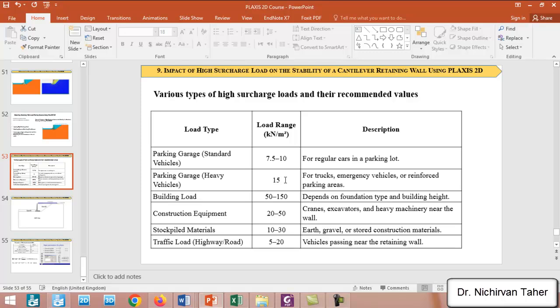It may be a building or a structure, depending on foundation type or building height. The load may range between 50 kilonewtons per square meter to 150. It may also be construction equipment like cranes, excavators, and heavy machinery near the wall, so the load may range between 20 to 50 kilonewtons per square meter.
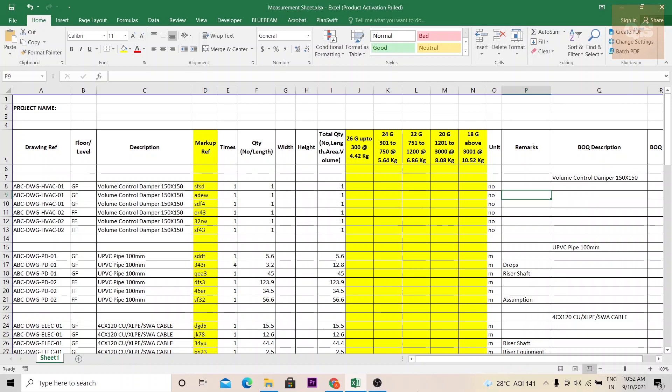Hi, welcome to the Quantity Surveying Studio. In today's video I'll be discussing a template that can be used for your quantity takeoffs.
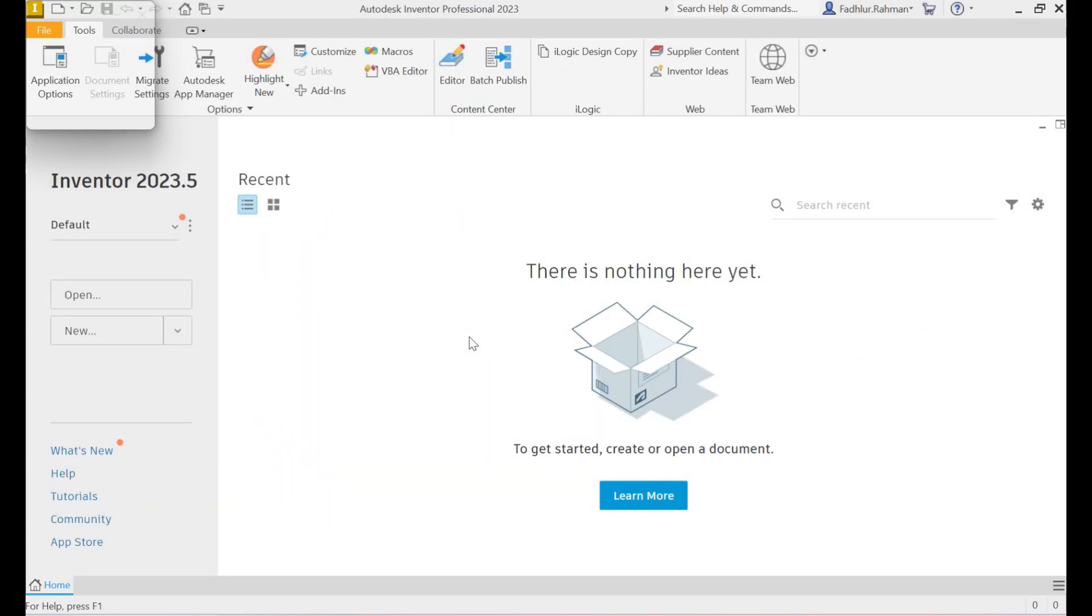Welcome back to the channel. Today, I'll walk you through how to install InventorCAM, step by step. Whether you're a student, professional, or hobbyist, this guide will get you up and running fast.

+ + + +

#### Required action:
From the first line to the last, repeat the data above exactly and leave the pictures out.

#### Response box:
It may be a building or a structure, depending on foundation type or building height. The load may range between 50 kilonewtons per square meter to 150. It may also be construction equipment like cranes, excavators, and heavy machinery near the wall, so the load may range between 20 to 50 kilonewtons per square meter.
Hi, welcome to the Quantity Surveying Studio. In today's video I'll be discussing a template that can be used for your quantity takeoffs.
Welcome back to the channel. Today, I'll walk you through how to install InventorCAM, step by step. Whether you're a student, professional, or hobbyist, this guide will get you up and running fast.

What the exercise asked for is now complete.